For many of us, about all we know of those who came before us is from the stories others have told us, stories passed on by parents, grandparents, aunts, uncles, neighbors and older siblings.
Even in cases where we ourselves did know the folks now departed, our memories are shaped by the tales others tell about them, too. Our memories and others’ memories intertwine and shift and bend.
After our forebears no longer exist as corporeal human beings, with minds and blood vessels and lungs and words of their own, they exist as characters we form and reform across the decades in our stories.
My Granny Prather was born at the turn of the 20th century in southeastern Kentucky. When she was a girl about Harper’s age, many of the old people around her remembered the Civil War firsthand.
Granny used to tell a tale she’d heard as a child, about a woman in their community who loved to cook and equally loved to eat.
This woman’s husband was off fighting in the war. She invited a bunch of her kin to her cabin and made them a mess of pigs’ feet, her favorite food.
After she’d served her family, she finally got to sit down to the table herself.
Just as she was eagerly tearing into a pig’s foot, a soldier came galloping up her to house, jumped off his horse and banged on the door.
Rushing inside, he said, “Ma’am, I’m sorry to bring you bad news, but there’s been a battle and your husband’s been killed.”
The lady didn’t even look up from her plate.
“Ma’am, maybe you didn’t hear me,” the messenger insisted. “Your husband is dead.”
“Aw, I heard you the first time,” the lady said, chewing. “And as soon as I finish these pigs’ feet, you’ll hear some screaming.”
Granny thought it was funniest tale ever. And so did I. I still think it’s funny, partly because in my mind I see Granny telling it, hear her cackling.
And so, that lady with the pigs’ feet lives on.
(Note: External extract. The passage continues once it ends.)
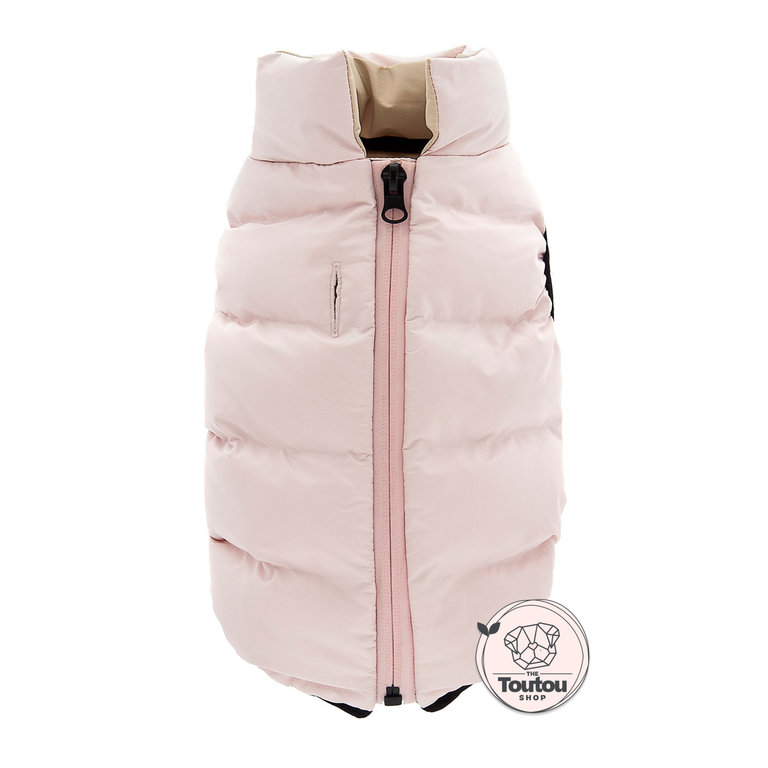 Ferribiella NEW - Manteau Ferribiella Down Jacket Nuvola Rose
Through Granny. Through me. Perhaps through Harper someday.
I don’t even know the pigs’ feet lady’s name anymore or whether she belonged to our family. She no doubt endured all her appointed decades, lived thousands of 24-hour days filled with boredom and joy and grief and pigs’ feet and bills to pay and crops ruined by hail, day after endless day.
Now, as far as I’m aware, all that’s left 150 years later is that one story.
And who’s to know if that tale was ever true, or only half-true, or entirely made up? Who’s to know if the version I just told you matches much the version Granny told me so many years ago?
Stories are tricky that way.
Today, the reservoir of memories about Granny Prather herself is draining fast, as those of us who knew her well continue to pass, one by one.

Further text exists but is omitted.